April 30, 1932: Records of eclipses have been kept since ancient times: there’s a Syrian clay tablet noting the eclipse of March 5, 1223 B.C. and a non-Blarney stone in Ireland that records an eclipse on November 30, 3340 B.C. A partial lunar eclipse occurred on May 22, 1453 that was seen during the Fall of Constantinople (no word on whether Childermass and company were aware of this on their visit) and Christopher Columbus, in his attempt to sway Jamaican natives, “predicted” a lunar eclipse for February 29, 1504 – albeit using pre-obtained knowledge (Connecticut resident Hank Morgan probably is aware of this trick, too).
We noted lunar eclipses – those are when the moon passes behind the earth so that the earth blocks the sun's rays from striking the moon. They’re usually astronomical events, caused by rotations and revolutions of heavenly spheres.

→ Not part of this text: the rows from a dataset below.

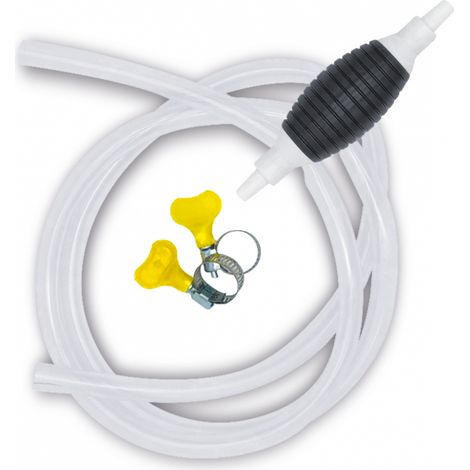 Pompe à siphon - VENTEO - Pompe manuelle pour l'essence, l'huile, l'eau - Transfert de liquide - Tuyau de 2 M - Universelle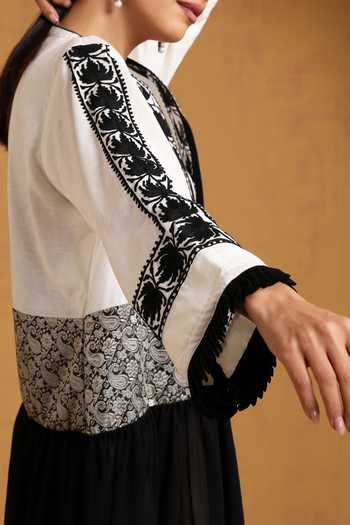 Shop_Wazir C_Beige Georgette, Crepe, Linen Embroidery Round Kashmiri Aari Dress And Abaya Set _Online_at_Aza_Fashions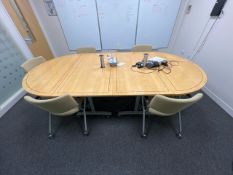 Board Room Table & 5 Wheeled Chairs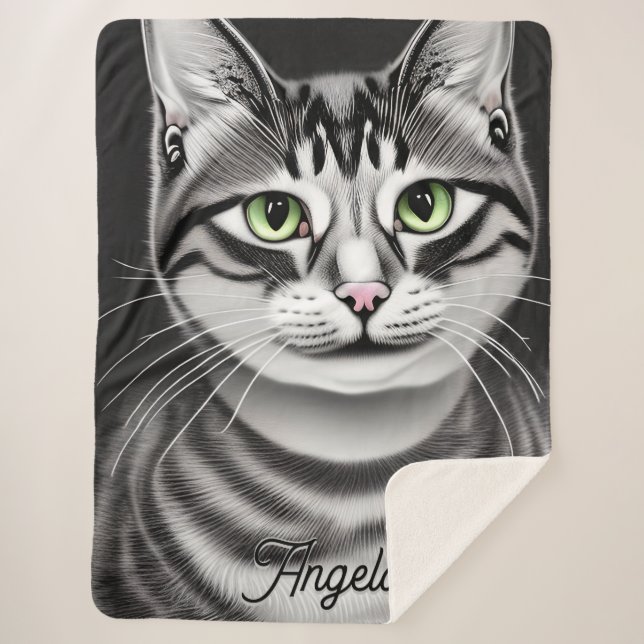 Cobertor Sherpa Gato monocromático branco e preto-e-olhos verdes (Frente)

They’re not usually man-made events. Usually. But eighty years ago tonight man did just that – eclipse the moon. The date? Walpurgis night, when witches and warlocks have their big whoop-te-doos. The man? Conjuror Jonathan Barnavelt, during a picnic out at New Zebedee’s Wilder Creek Park [The House with a Clock in its Walls; 51]. The reason? Eh...because he could. Jonathan pulls it off with a wave of his staff and a pool of water, which is impressive if you have not seen it done before:
...slowly, a black, tarry, drippy shadow oozed down over the face of the surprised moon. In no time at all the moon was dark, completely dark, blacked out, without even the faint brownish umbra that marks its place during an ordinary eclipse.Happy Walpurgis to all!